• [EXCERPTED RECORDS]
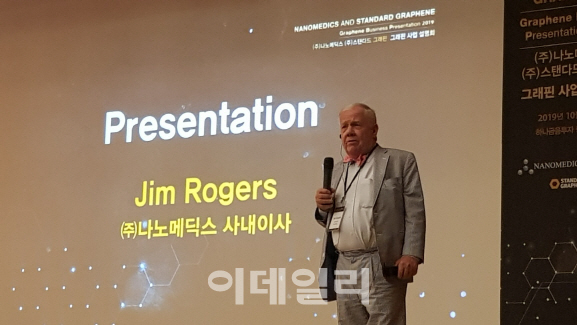 짐 로저스 꿈의 소재 그래핀…인터넷보다 더 중요해질 것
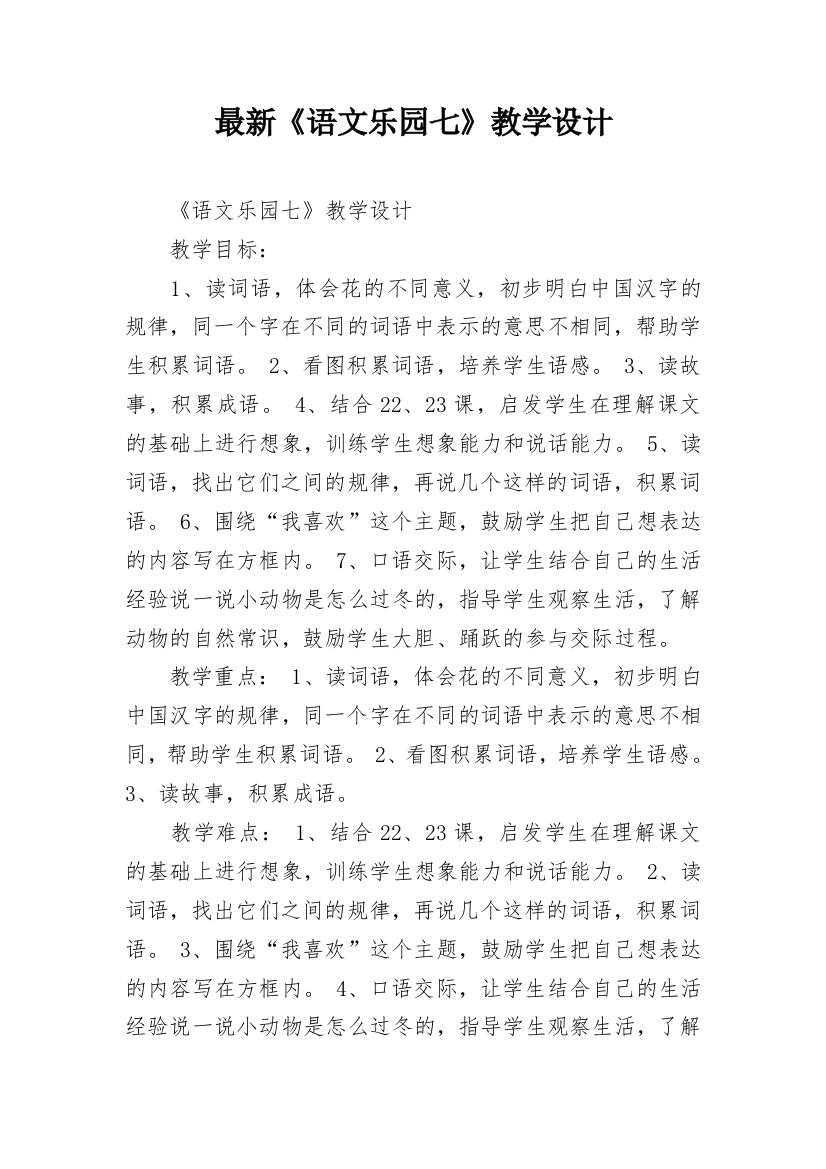 最新《语文乐园七》教学设计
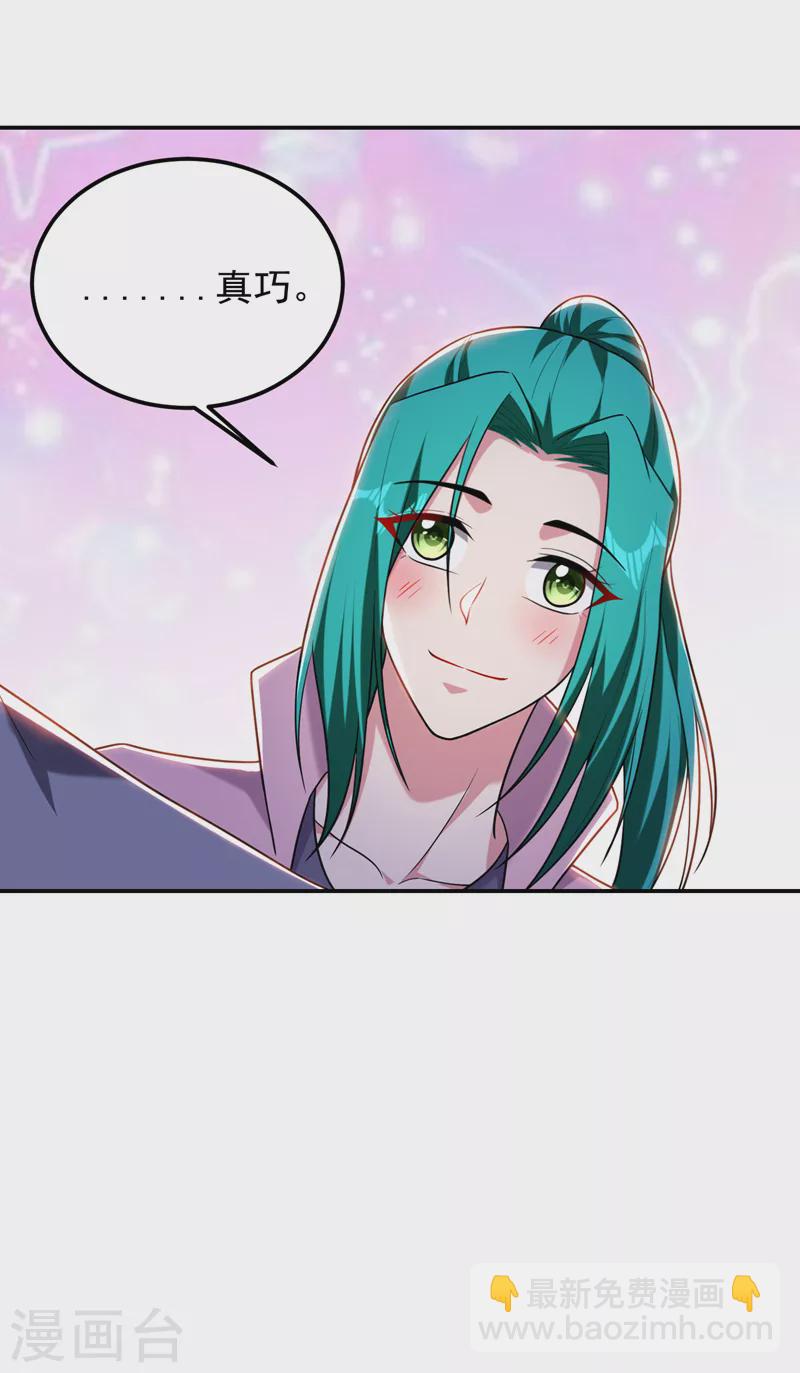 第268话 我有他带路！11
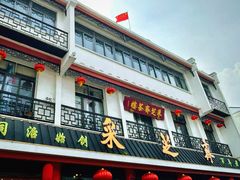 -采芝斋评弹茶馆(观前街店)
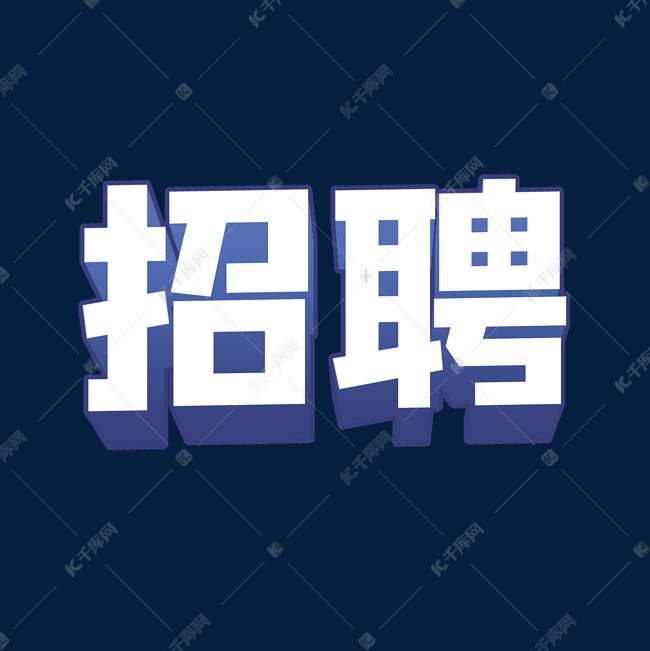 招聘蓝白色立体字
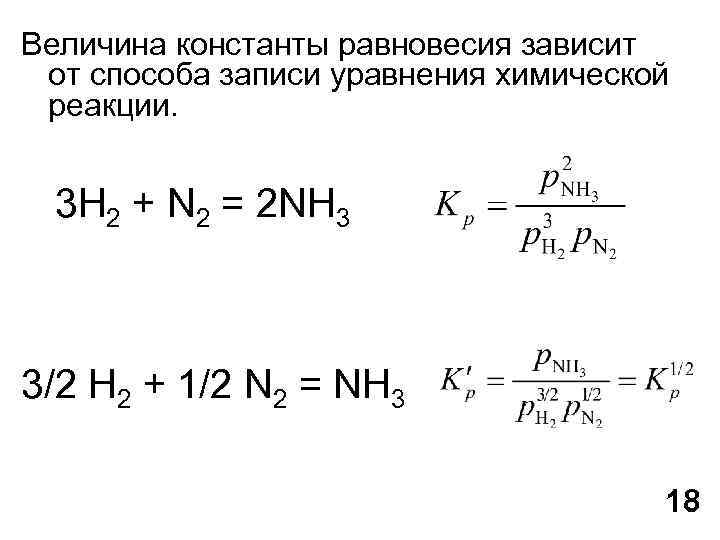 Химическое равновесие уравнения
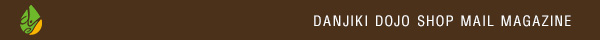 エリカ健康道場メールマガジン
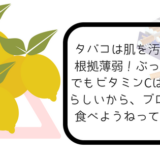タバコは肌を汚くする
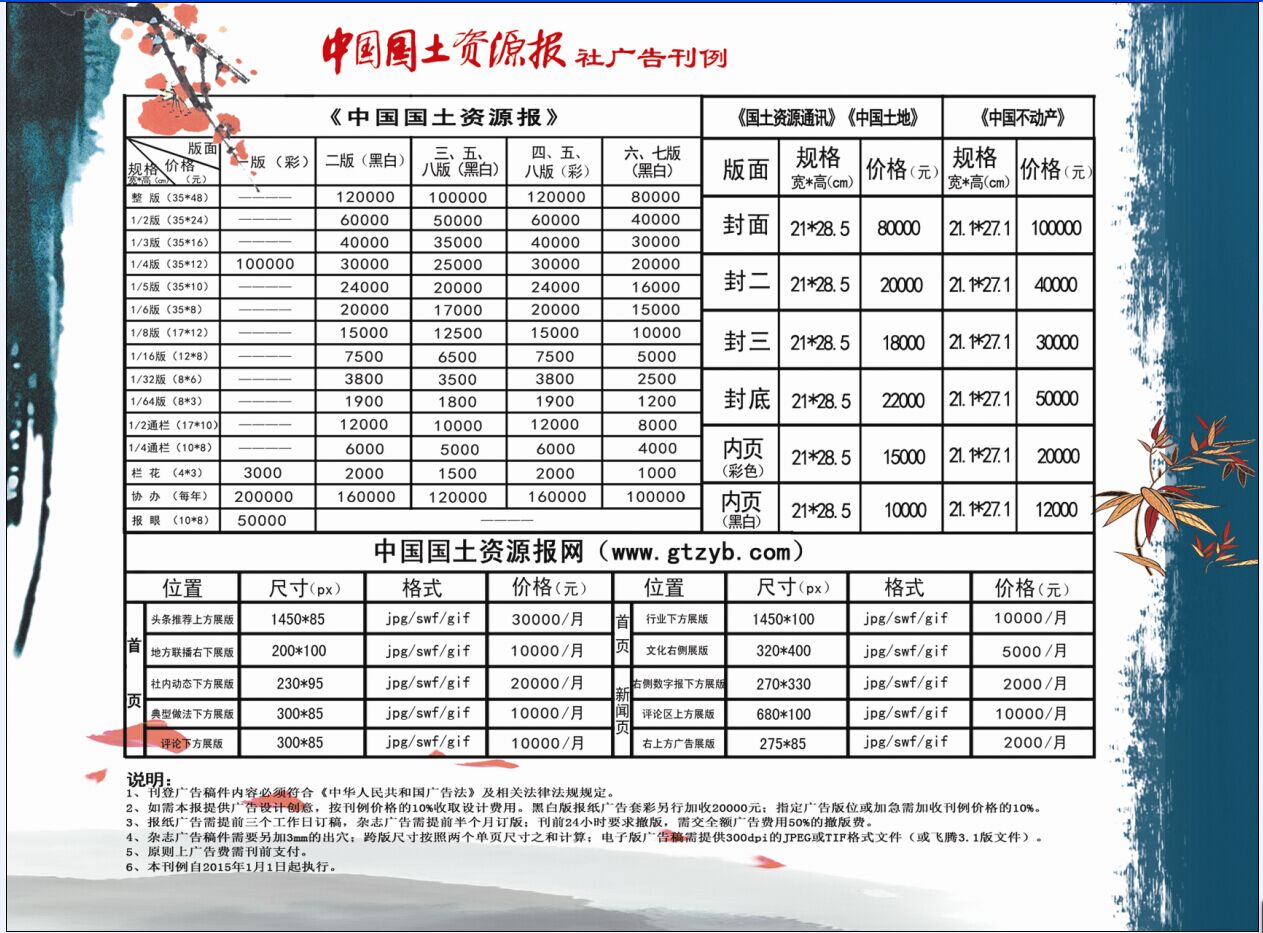 《中国国土资源报》2015年广告价格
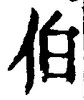 文字伯
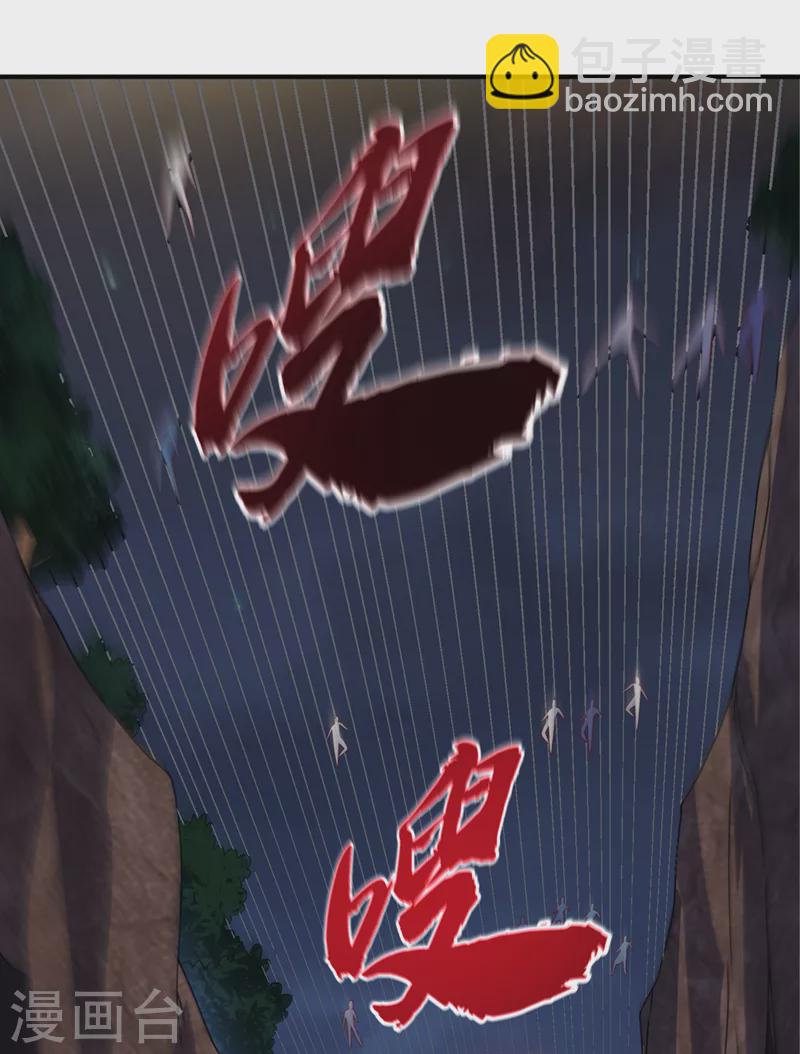🍘武逆 第265话 战天大圣的传承！ 第4页
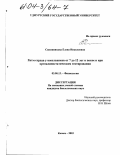 Сапожникова, Елена Николаевна. Ритм сердца у школьников от 7 до 12 лет в покое и при ортоклиностатическом тестировании: дис. кандидат биологических наук: 03.00.13 - Физиология. Казань. 2003. 180 с.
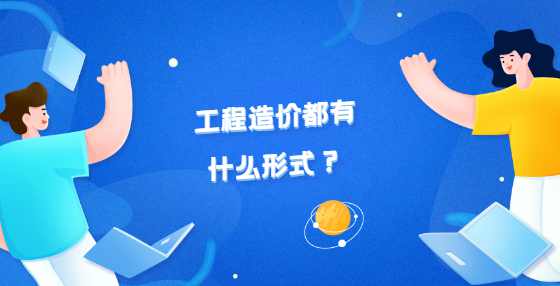 工程造价都有什么形式？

• [WORK INSTRUCTION] Return the material above in exact form. Pictures stay out.

• [SOLUTION FOR THIS PROBLEM]
 짐 로저스 꿈의 소재 그래핀…인터넷보다 더 중요해질 것
 最新《语文乐园七》教学设计
 第268话 我有他带路！11
 -采芝斋评弹茶馆(观前街店)
 招聘蓝白色立体字
 Химическое равновесие уравнения
 エリカ健康道場メールマガジン
タバコは肌を汚くする
 《中国国土资源报》2015年广告价格
 文字伯
🍘武逆 第265话 战天大圣的传承！ 第4页
 Сапожникова, Елена Николаевна. Ритм сердца у школьников от 7 до 12 лет в покое и при ортоклиностатическом тестировании: дис. кандидат биологических наук: 03.00.13 - Физиология. Казань. 2003. 180 с.
 工程造价都有什么形式？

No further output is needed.